Peter Tork, the guitarist and wise-cracking character in the 1960s teen-pop sensation the Monkees, died today at the age of 77, a rep for the group confirmed to Variety. Speaking with the Washington Post, Tork’s sister Anne Thorkelson did not specify a cause of death, although the guitarist had been diagnosed with a rare form of cancer a decade ago.
Tork wrote a blog piece for the Post about his diagnosis with adenoid cystic carcinoma after beginning treatment in 2009. Through most of the 10 years since, he had been able to resume an active musical life, participating in Monkees reunion shows as recently as 2016, and recording his own solo blues albums, the last of which, “Relax Your Mind,” a Lead Belly tribute, came out in early 2018.
“There are no words right now… heartbroken over the loss of my Monkee brother, Peter Tork,” Mickey Dolenz tweeted.
Michael Nesmith posted a lengthier appreciation. “Pardon me if I am being dogmatic — but I think it is harder to put together a band than a TV show — not to take anything away from TV shows,” he wrote. “These days I watch MSNBC — mostly aghast at what I see — and what I am missing is ‘madcap.’ … Peter Tork died this a.m. I am told he slipped away peacefully. Yet, as I write this my tears are awash, and my heart is broken. Even though I am clinging to the idea that we all continue, the pain that attends these passings has no cure. It’s going to be a rough day. I share with all Monkees fans this change, this ‘loss,’ even so. PT will be a part of me forever.
“I have said this before — and now it seems even more apt: the reason we called it a band is because it was where we all went to play,” Nesmith continued. “A band no more, and yet the music plays on, an anthem to all who made the Monkees and the TV show our private — dare I say ‘secret’ — playground. As for Pete, I can only pray his songs reach the heights that can lift us and that our childhood lives forever — that special sparkle that was the Monkees. I will miss him — a brother in arms. Take flight my Brother.”
The Monkees’ legacy is a complicated one that even today polarizes serious rock fans, many of whom argue, as Nesmith did in his statement, that their transformation from a “manufactured” group to a “real” one deserves at least as much credit as anything with more organic beginnings. “Sometimes the question of the [Rock and Roll] Hall of Fame comes up, and I’ve been thinking lately that I don’t know whether the Monkees belong in the Hall of Fame,” Tork said, modestly, to the Baltimore Sun in 2016. “I mean, I would vote for us if I had a vote. But what I can say is if there was a hall of fame for television casts who became pop groups in their own right, we would be the only candidate.”
While the Monkees were a television-centric, American version of the Beatles as depicted in “A Hard Day’s Night,” Tork and fellow guitarist Mike Nesmith were serious musicians who paid their dues on the folk and rock scenes of the early 1960s; vocalist Davy Jones and singer/drummer Micky Dolenz were former child actors. Tork played the “Ringo” role in the group, as a charming and goofy comic foil.
“Peter was pure in spirit and dedicated to music all of his life,” said their manager, Andrew Sandoval, told Variety. (Sandoval wrote a book about the group in 2005 before going on to join their team.) “Peter’s greatest thrill was sharing a song and a story in the folk tradition.

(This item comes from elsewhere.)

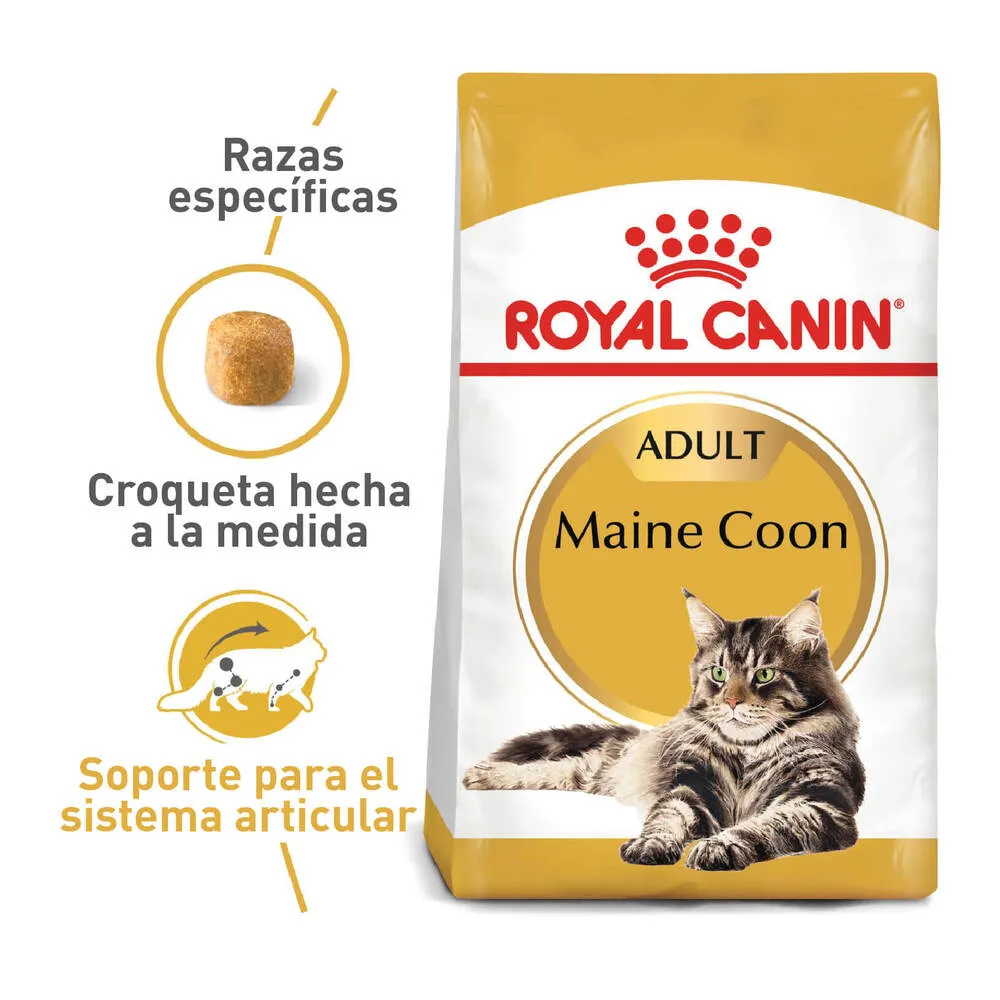 Alimento para gato Royal Canin Maine Coon Adulto - Image 4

He left behind some incredible songs of his own, like ‘For Pete’s Sake’ from the ‘Headquarters’ album, which defined the essence of his philosophy.”
Tork had been part of the Greenwich Village folk scene before becoming instantly famous. “To be in Greenwich Village in the ’60s was pure joy; to be young was pure bliss,” he said in an interview with UK Music Reviews. “When I talk about having a well favored life, I went from Greenwich Village almost directly into The Monkees. … I had first heard about the Monkees in the early summer of 1965 from a good friend of mine, one Mr. Stephen Stills,” who had been considered for the show himself and made a call to Tork, whom he figured would be better suited.

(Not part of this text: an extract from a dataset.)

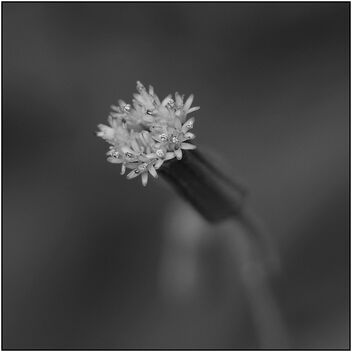 small flowers - image #469603 gratis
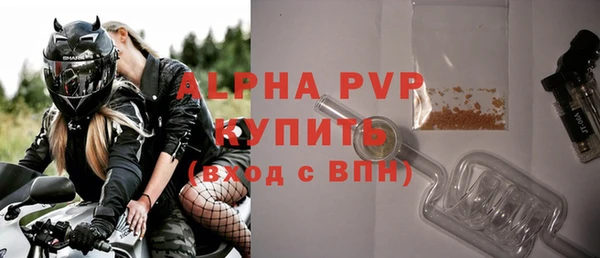 дживик Белокуриха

“With the Monkees, it was timing that a lot of kids came up and they were the younger brothers and sisters of the kids who loved the Beatles and they wanted something of their own,” Tork said in an interview with Rock Cellar in 2016. “And along came the Monkees and they had something of their own, oh boy, oh boy, oh boy. They were like, You can keep your damn Beatles, I’ve got The Monkees! A lot of kids grew up that way and some of them became musicians,” he added, explaining why younger rockers like Rivers Cuomo, Ben Gibbard and Noel Gallagher had eagerly agreed to write songs for the Monkees’ 2016 comeback album, “Good Times.”
Tork attributed the huge initial success of the Monkees to two factors. “We were lucky to lock into one of the greatest song writing gangs of all time. … We had Carole King writing songs for us. Please, there has never been a better songwriter — really, come on,” he said to UK Music Reviews. “Secondly there was television. When you got to see the guys playing off of each other, even if they were reading scripts and playing parts, you still got a sense of who they were. There was a much more personal connection to us as people with the audience than there was with even the Beatles or the Stones, or even the more recent boy bands.”